▸ **Exercise**
What you write must be the lines from the one holding "Imagem de RSAquar" through the final line of the records below, reproduced exactly, minus the pictures.

(Data records)
● ● ● ● ● ● ●
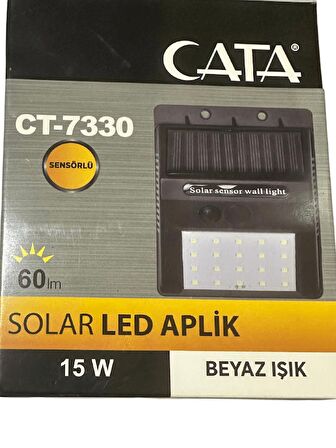 Cata CT-7330 15W 6400K (Beyaz Işık) Sensörlü Solar Güneş Panelli Led Aplik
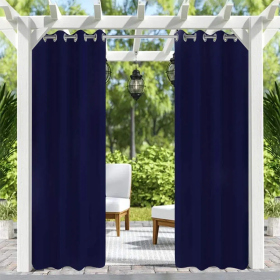 50inch X 96inch Outdoor Curtains Front Porch Curtain Grommet For Porch Balcony Pergola Gazebo Dark Blue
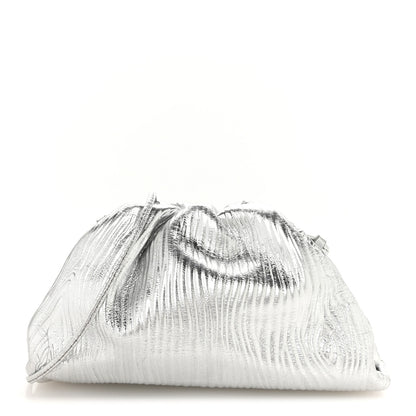 Bottega Veneta Metallic Bark Calfskin The Mini Pouch Silver 1 of 11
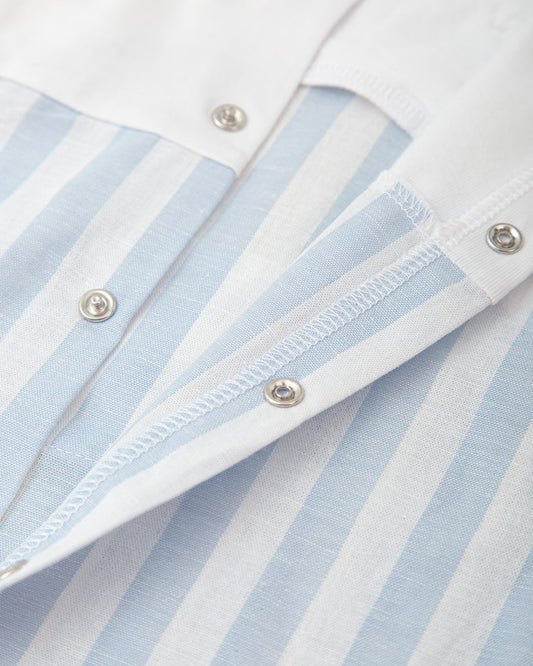 TUTTO PICCOLO SS25 Danubio Boys Blue & White Romper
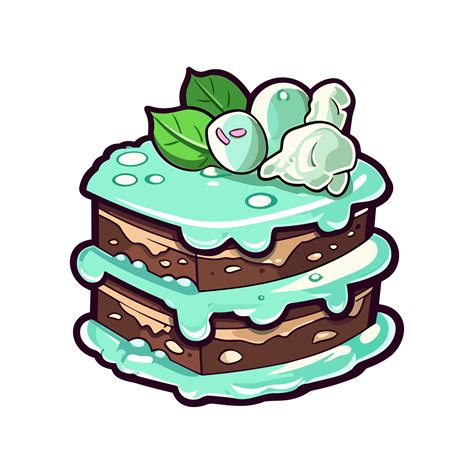 013 Chocolate Mint Cake Sticker Cool Colors And Kawaii Clipart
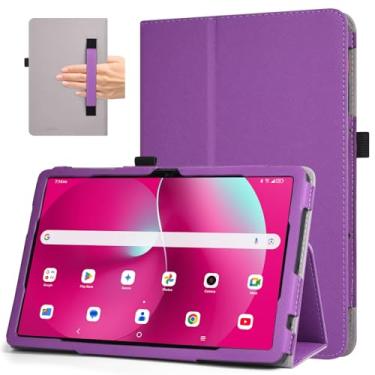 Imagem de RSAquar Capa para 10,1 polegadas REVVL Tab 2 (modelo: 9185W, versão 2025) com alça para caneta, capa leve dobrável com alça de mão para tablet Revvl Tab 2, roxa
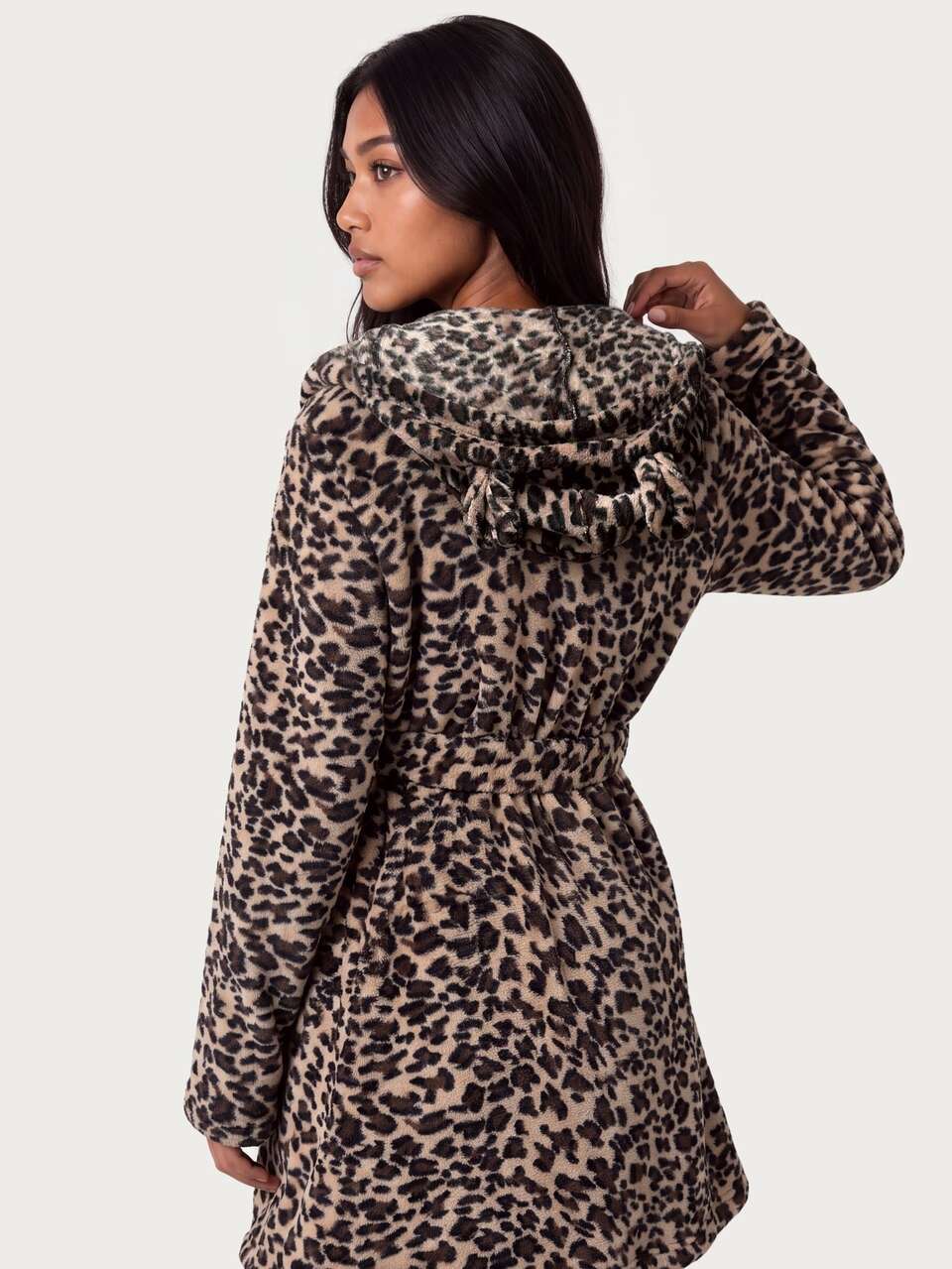 MISSGUIDED TEEN Leopardenmuster Kapuzen-Fleece-Morgenmantel mit Gürtel, gemütlicher Umhang, Plüsch-Loungewear, Winter-Nachtwäsche, Langarm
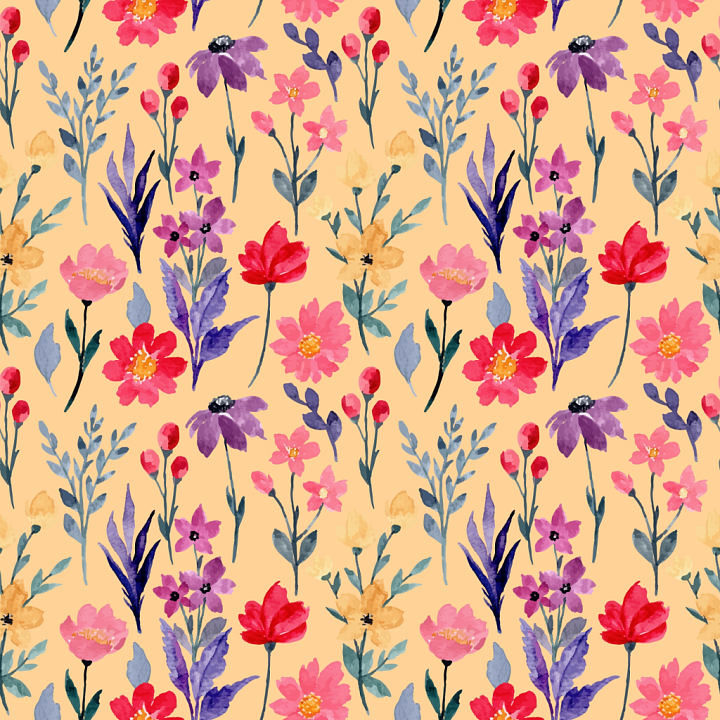 Floral Fabric with Watercolor Flowers on Peach Background seamless PBR texture preview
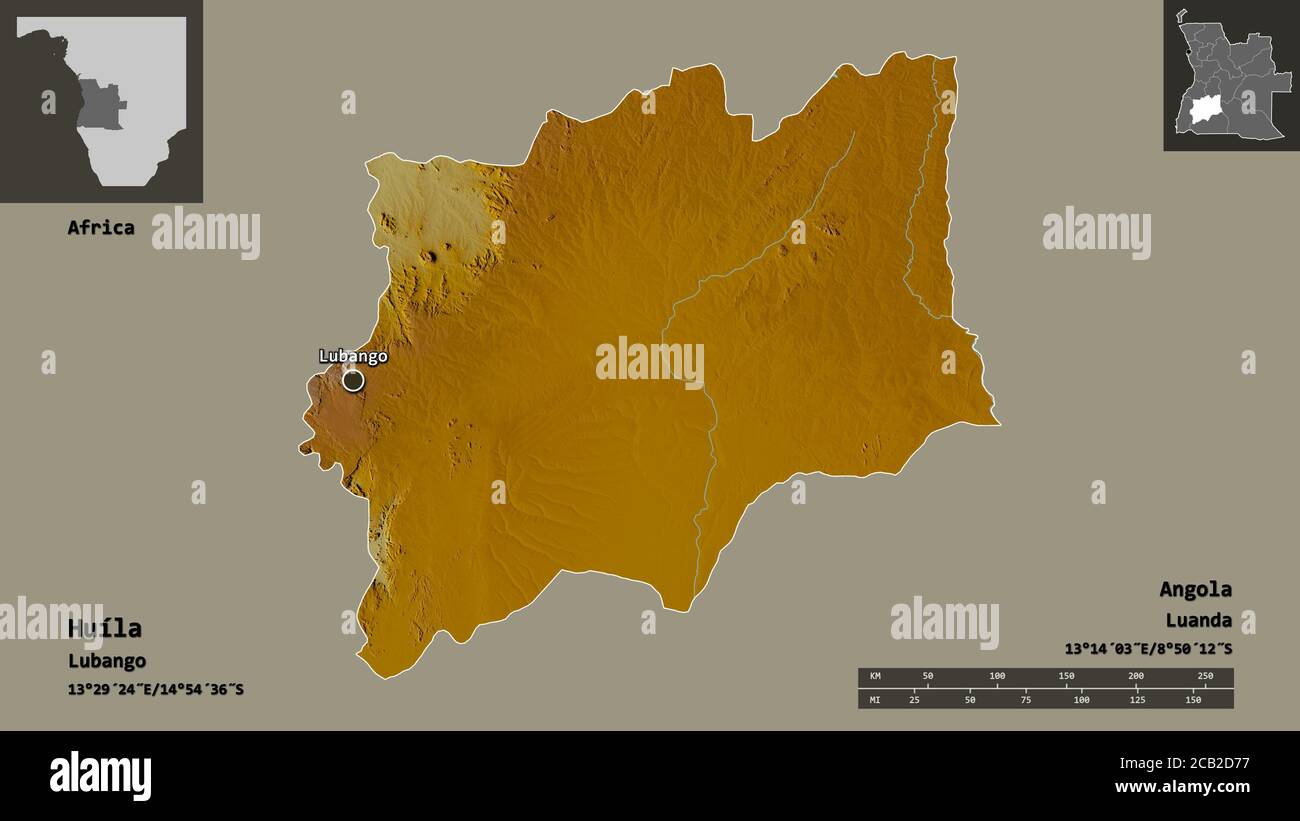 Map Angola Riva Shape of Huíla, province of Angola, and its capital. Distance scale ...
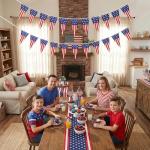 30Ft USA Flag Pennant Banner 4th of July American Flag Banner, Red White Blue Stars and Stripes Pennant for Courtyard Independence Day Patriotic Party Decorations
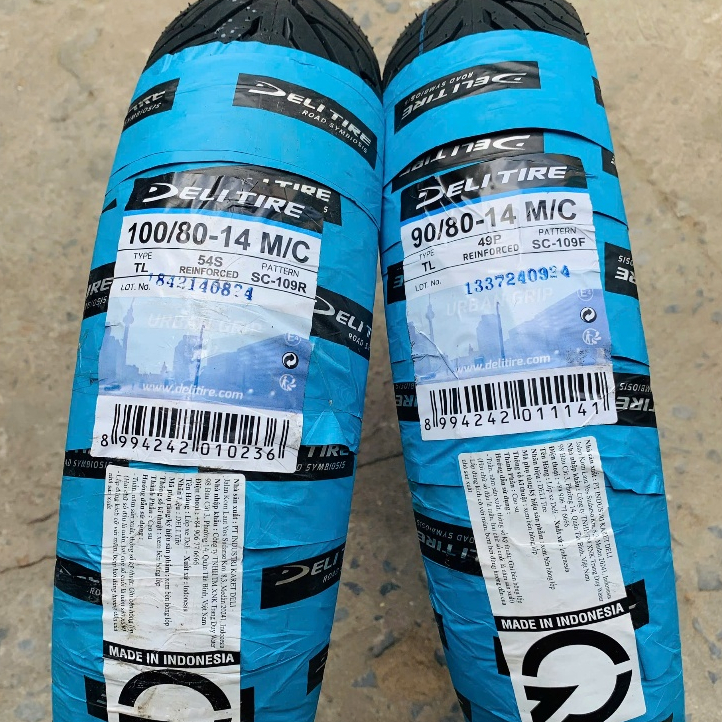 (90/80-14 & 100/80-14) Vỏ Deli Tire size 90/80-14 và 100/80-14 cho Air Blade, Vario, Click Thái - Ma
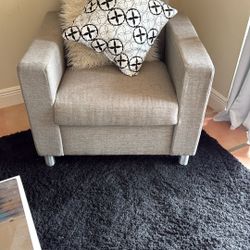 Set Of Two  Chair Upholstered Armchair Square Arms Decorative  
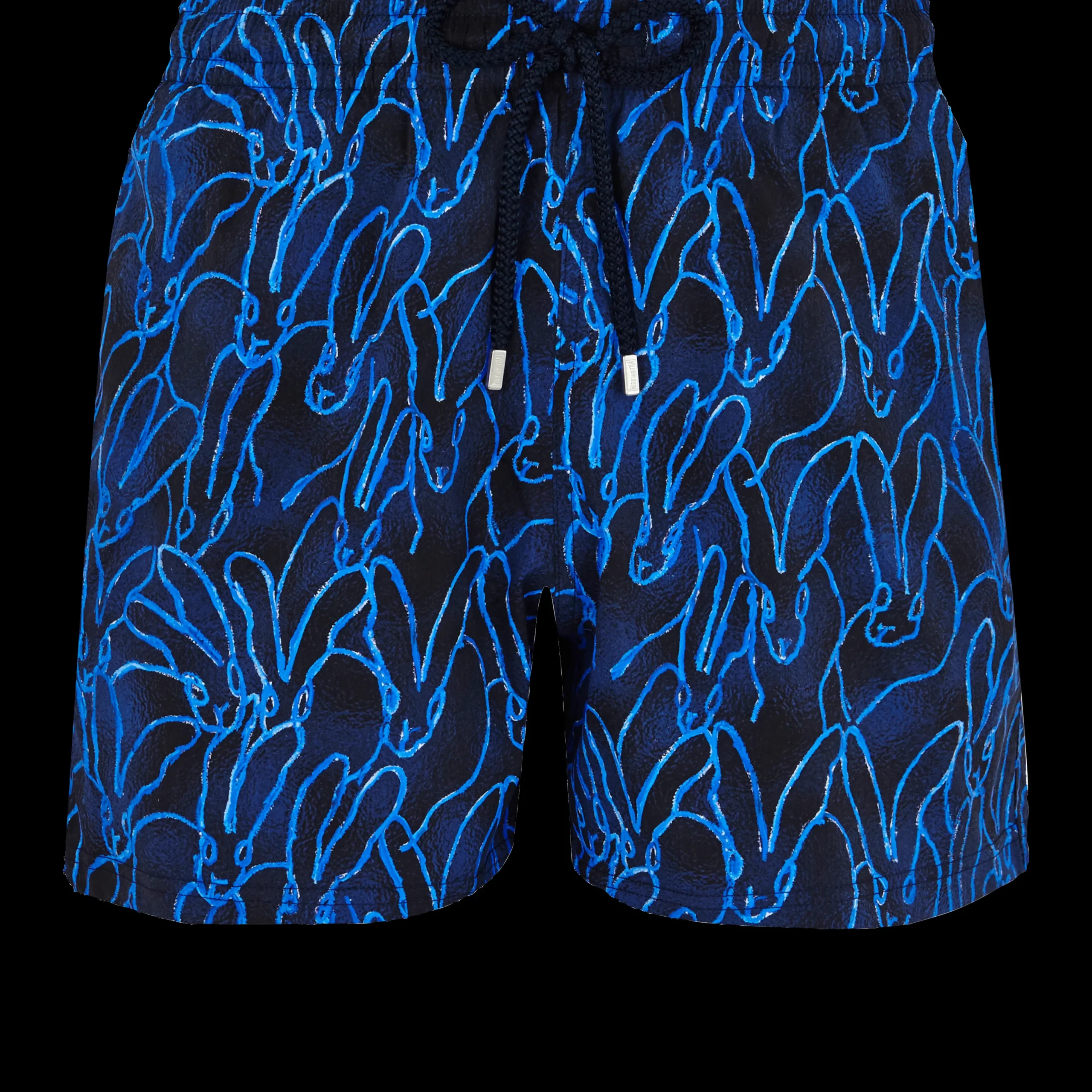 New Vilebrequin Men Swim Trunks Stretch Gershwin X Hunt Slonem - Usa Exclusive Print Navy/Blue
● ● ● ● ● ● ●
▸ **Output**
 Imagem de RSAquar Capa para 10,1 polegadas REVVL Tab 2 (modelo: 9185W, versão 2025) com alça para caneta, capa leve dobrável com alça de mão para tablet Revvl Tab 2, roxa
 MISSGUIDED TEEN Leopardenmuster Kapuzen-Fleece-Morgenmantel mit Gürtel, gemütlicher Umhang, Plüsch-Loungewear, Winter-Nachtwäsche, Langarm
 Floral Fabric with Watercolor Flowers on Peach Background seamless PBR texture preview
 Map Angola Riva Shape of Huíla, province of Angola, and its capital. Distance scale ...
 30Ft USA Flag Pennant Banner 4th of July American Flag Banner, Red White Blue Stars and Stripes Pennant for Courtyard Independence Day Patriotic Party Decorations
 (90/80-14 & 100/80-14) Vỏ Deli Tire size 90/80-14 và 100/80-14 cho Air Blade, Vario, Click Thái - Ma
 Set Of Two  Chair Upholstered Armchair Square Arms Decorative  
 New Vilebrequin Men Swim Trunks Stretch Gershwin X Hunt Slonem - Usa Exclusive Print Navy/Blue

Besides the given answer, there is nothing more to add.